Rahvastiku tervise ajatrendid
Sõltuvusainete tarvitamine
Seksuaal- ja reproduktiivkäitumine
Kirjeldus: Abstract

This article describes the trends of HIV/AIDS and related conditions in Estonia during the past decade (2000-2009), with special focus on the potential for epidemic transition. Key transmission determinants and major risk groups are examined and problems and barriers to fighting HIV/AIDS with possible applications in prevention and control are described. Estonian routine data sources and published literature were reviewed, supplemented with information from personal communication with physicians and public health specialists. For comparative European data, international HIV/AIDS and drug addiction surveillance documents, administrative data, and published literature were reviewed.

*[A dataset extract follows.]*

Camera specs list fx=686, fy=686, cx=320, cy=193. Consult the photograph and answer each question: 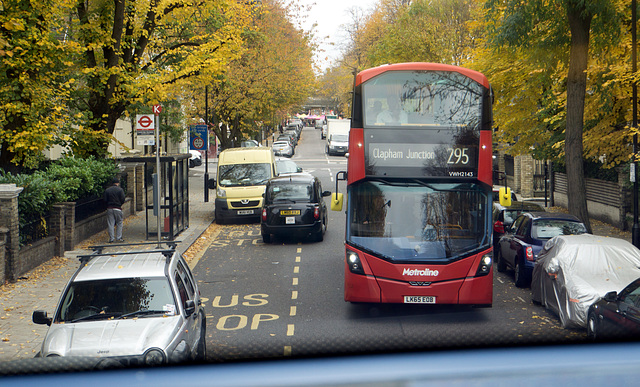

In Eastern Europe (including Estonia) the predominant HIV transmission mode is injection drug use (IDU), closely followed by heterosexual transmission, an increasing risk factor for new cases. Although the contribution of cases acquired by sexual contact with high-risk partners such as IDUs is not known, characteristics of the sexual networks of IDUs may be important in determining the evolution of the HIV/AIDS epidemics in the region. In Estonia, despite major gaps in available data, the HIV/AIDS epidemic is still presumably confined to IDUs (and probably, to their sexual partners). In Eastern Europe, young women in IDU- non-IDU partnerships engaging in unprotected sex potentially serve as a bridge to the general population, yet knowledge of and research into the population characteristics and potential magnitude of bridging are limited. In Estonia, as in other Eastern European countries, HIV prevention and harm reduction initiatives should be tailored not only to the predominantly male HIV-positive IDU population, but also to their noninfected non-IDU female sexual partners.